Speaking at the India Global Forum (IGF) session on UK-India Science, Technology and Innovation Collaboration at the Science Museum in London, Goyal said, “There was a point of time 15 years ago when we were more focused on doing FTAs with countries who were our competitors. So if I am doing an ASEAN agreement, it really is silly because (that is) opening up my market to my competitors, many of whom have now become the B team of China.”
“So effectively and indirectly, I have opened up my market for goods that find their way from China into India,” the commerce minister said.
In a statement, Congress spokesperson Anand Sharma said Goyal’s statement “belittling India ASEAN Trade Agreements is unwarranted, ill advised and unfortunate”.
India and ASEAN group of countries are for over three decades engaged in a multi-faceted relationship which is mutually rewarding and important, he noted.
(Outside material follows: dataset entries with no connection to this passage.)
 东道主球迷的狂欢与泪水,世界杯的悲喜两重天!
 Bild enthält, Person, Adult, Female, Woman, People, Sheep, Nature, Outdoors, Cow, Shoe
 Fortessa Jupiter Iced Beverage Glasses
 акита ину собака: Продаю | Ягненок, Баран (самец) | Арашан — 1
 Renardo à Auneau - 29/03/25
“This is an integral part of the Look East policy to deepen and diversify India’s relations with a region that is economically vibrant and of enormous geo-strategic importance for engagement with the Asia-Pacific region,” he said.
Sharma, a former commerce minister, said successive Indian governments have consciously pursued this policy and elevated India-ASEAN relations to a strategic partnership.
He said India is also a member of the East Asia Summit (EAS) of ASEAN + six (Japan, India, South Korea, China, Australia and New Zealand) while Indonesia, Vietnam and Malaysia are strategic partner countries.
“Piyush Goyal’s statement terming the Trade agreement with ASEAN as silly and labelling these countries as B team of China is irresponsible and insulting. He has forgotten that President of Indonesia Prabowo Subianto was the chief guest for 2025 Republic Day Parade,” Sharma said.
The Congress leader said the Comprehensive Economic Cooperation Agreement (CECA) with ASEAN and trade agreements with Japan and South Korea are aimed at promoting investments and trade in goods and services.
“The agreements were diligently negotiated considering India’s interests with this vibrant region. There are inbuilt checks and review mechanisms inbuilt in all trade agreements that India has signed.
“Trade in goods with ASEAN countries also includes essential imports: Iron ore and coal from Indonesia, palm oil from Malaysia and Indonesia, oil – petroleum products from Brunei Dares Salam and Malaysia and pulses from Myanmar.
“Piyush Goyal needs to be reminded of the fundamental rule of trade: ‘No country can export what it does not produce nor imports what it does not need’,” the Congress leader said.
Sharma said ASEAN is India’s fourth largest trading partner, accounting for over 11 per cent of India’s total global trade with bilateral trade at 120 billion USD and accounts for over 11 per cent of India’s exports. FDI inflows from ASEAN to India account for over 18 per cent of total FDI inflows since 2000, he noted.
“In an interconnected and interdependent world partnerships are the way forward and not exclusion and isolation. The commerce minister should be prioritising strengthening trade relations with partner countries and not insulting them while bending backwards to negotiate a suboptimal trade agreement with USA on its terms,” Sharma said.
Goyal, who is currently in the UK for talks ahead of the India-UK Free Trade Agreement signing, has said India is in trade dialogues with countries with whom it does not compete but can complement the economies involved.